Task to carry out: Exactly the lines from the line with "Women's Icing Crystalized" through the final line of the records below, both ends included, are to be set down. Do not include pictures.

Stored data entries

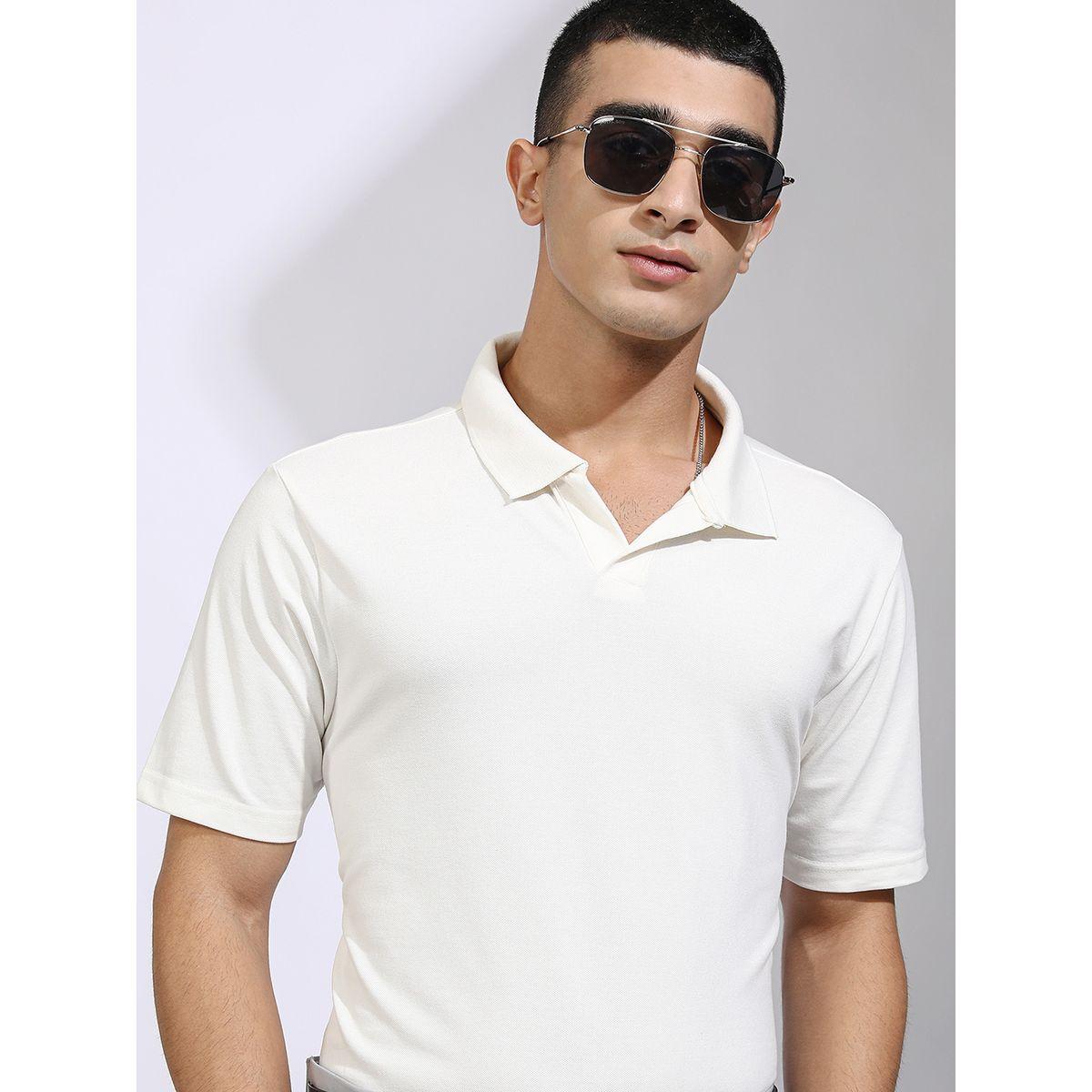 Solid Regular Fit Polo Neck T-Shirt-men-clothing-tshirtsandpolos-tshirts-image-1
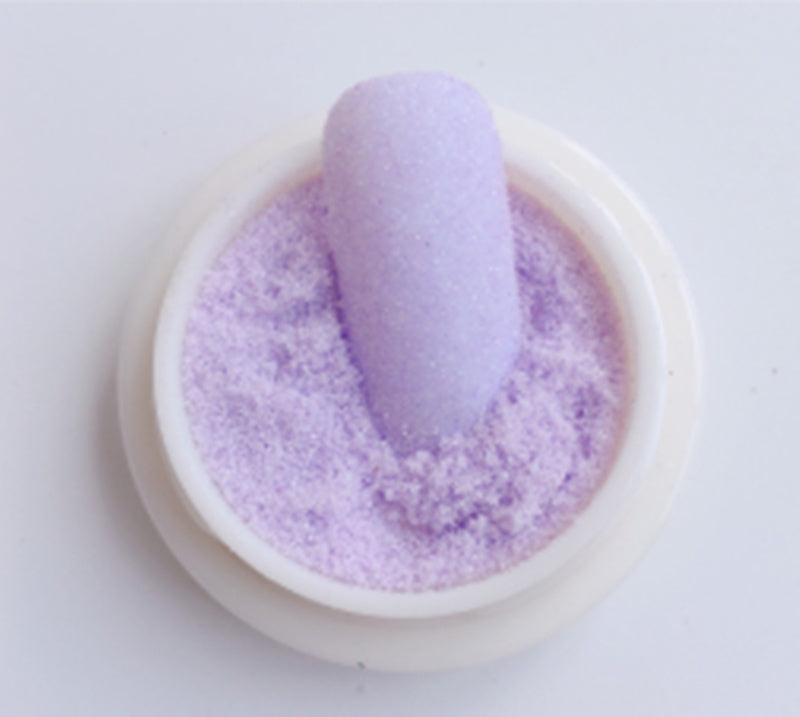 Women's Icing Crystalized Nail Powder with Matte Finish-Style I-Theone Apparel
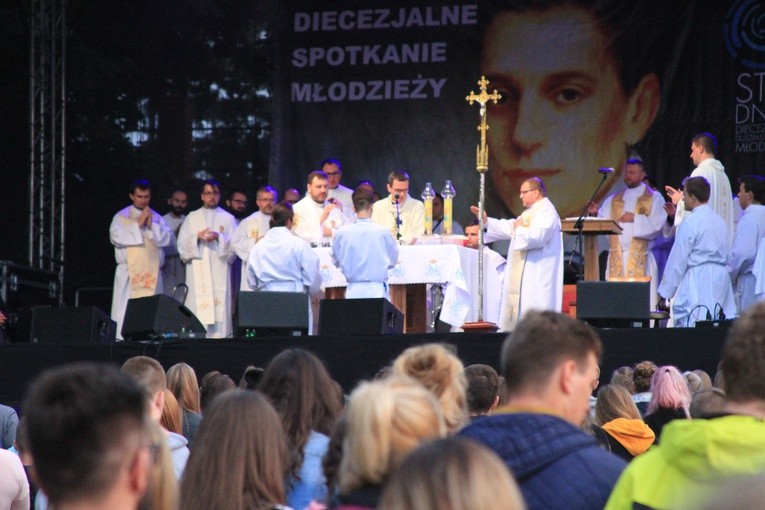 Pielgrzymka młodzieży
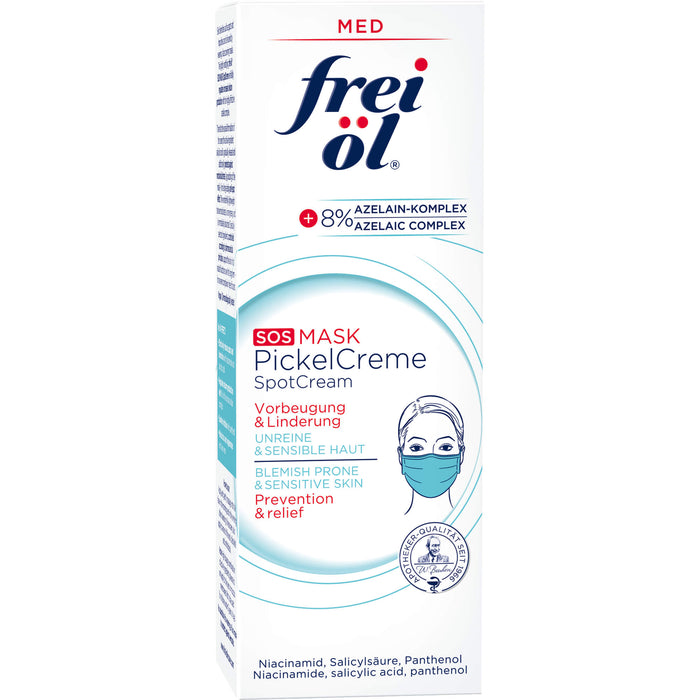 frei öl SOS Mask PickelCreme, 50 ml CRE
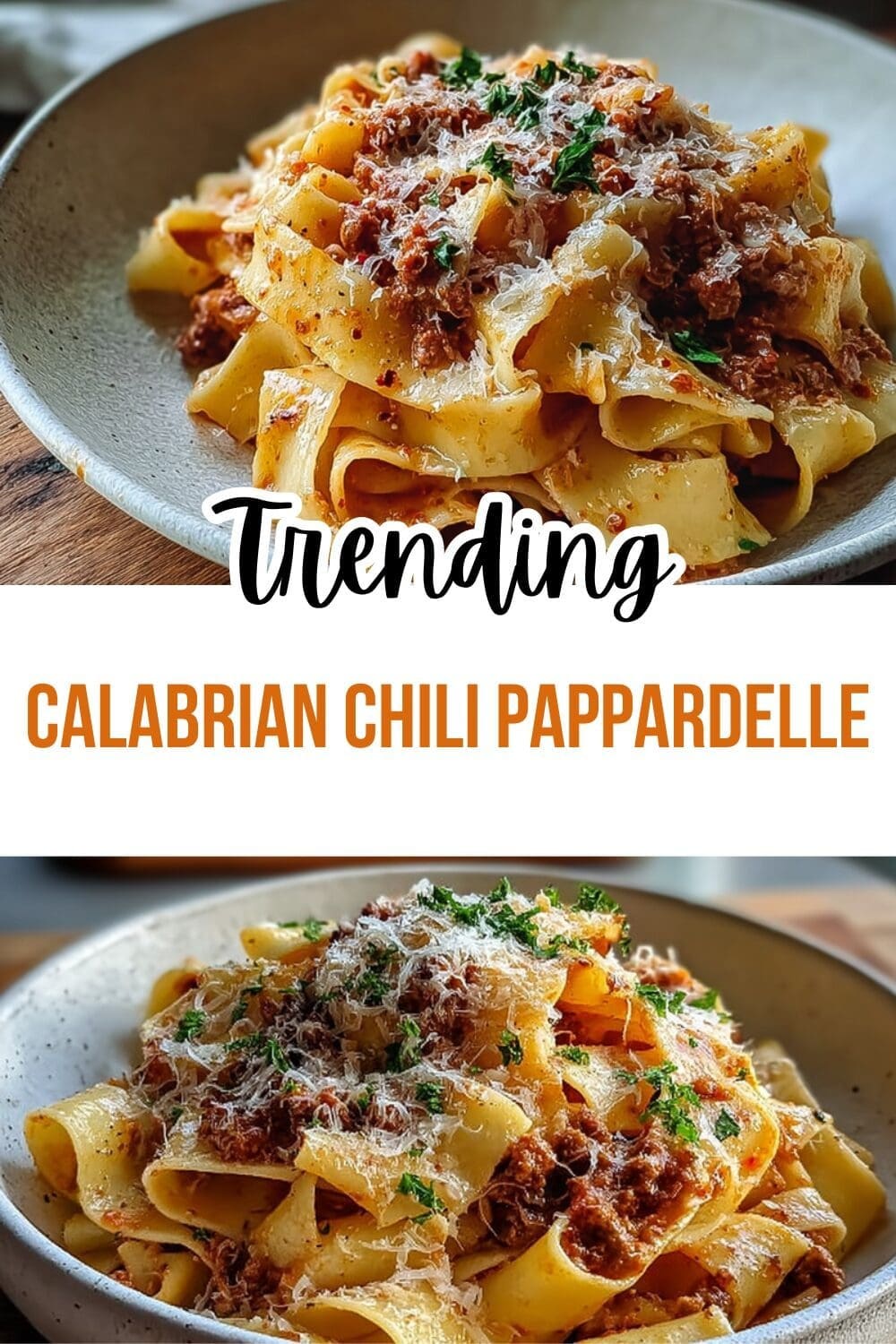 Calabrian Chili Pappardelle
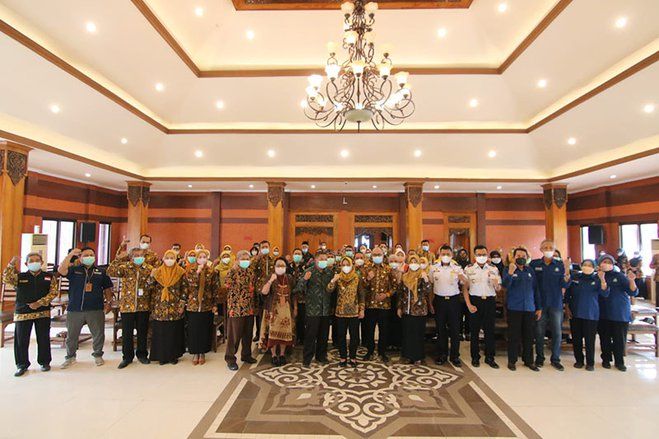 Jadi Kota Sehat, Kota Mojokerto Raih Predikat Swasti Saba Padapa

Result below:
 Women's Icing Crystalized Nail Powder with Matte Finish-Style I-Theone Apparel
 Pielgrzymka młodzieży
 frei öl SOS Mask PickelCreme, 50 ml CRE
 Calabrian Chili Pappardelle
 Jadi Kota Sehat, Kota Mojokerto Raih Predikat Swasti Saba Padapa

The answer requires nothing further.